# I love watching them swim



## dmak (Jul 25, 2012)

One of Kauzy's favorite things to do is swim, but he won't do it unless he's retrieving something. During playtime down by the river, he'll do 30+ retrievals back to back. He gets a little frustrated if i don't throw his dummy out quick enough. He just wants to swim, swim, swim. Anyone else here have any little red water addicts?

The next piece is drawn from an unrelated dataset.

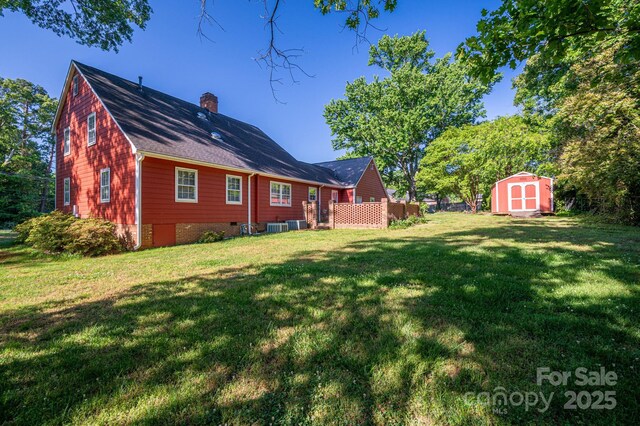 rear view of property with a storage shed, an outdoor structure, a chimney, and a yard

https://www.youtube.com/watch?v=Njv8gvWcKm4&feature=youtube_gdata_player


----------



## zigzag (Oct 4, 2011)

Two red serpents blew out my fishing hole today.
http://youtu.be/zfYJkEolXl8


----------



## Kay92 (Oct 19, 2012)

Yeah Chuck loves to swim so much out at our dog park, and it has a fountain. He attacks the fountain and people video tape it....and now he is banned from the pond because he is breaking it.....yep he is addicted.


----------



## redbirddog (Apr 23, 2010)

http://redbirddog.blogspot.com/2009/09/do-vizslas-like-water.html

http://redbirddog.blogspot.com/2009/08/cal-dogs-and-oregon-ducks.html

http://redbirddog.blogspot.com/2010/07/vizsla-loving-to-swim-in-american-river.html

Love to watch the dogs swim.

RBD


----------



## threefsh (Apr 25, 2011)

Riley and Cooper both love to swim. I feel bad for poor Chloe... Riley always steals her sticks and toys when they're swimming together! :-[

https://www.youtube.com/watch?v=mNmUhcIAUVs&list=UUymO4DqEqgmblh1Dd7s0N1g&index=4

https://www.youtube.com/watch?v=b7BW4zEjzA0&list=UUymO4DqEqgmblh1Dd7s0N1g&index=10


----------



## texasred (Jan 29, 2012)

They become little motor boats. Lucy will swim until she starts whimpering when tired. Even then I have to call her in for a rest or she keeps swimming.









Her eyes on the prize.


----------



## charliecoyot (Nov 26, 2012)

What river is that?? Looks like a fine steelhead eddy!!


----------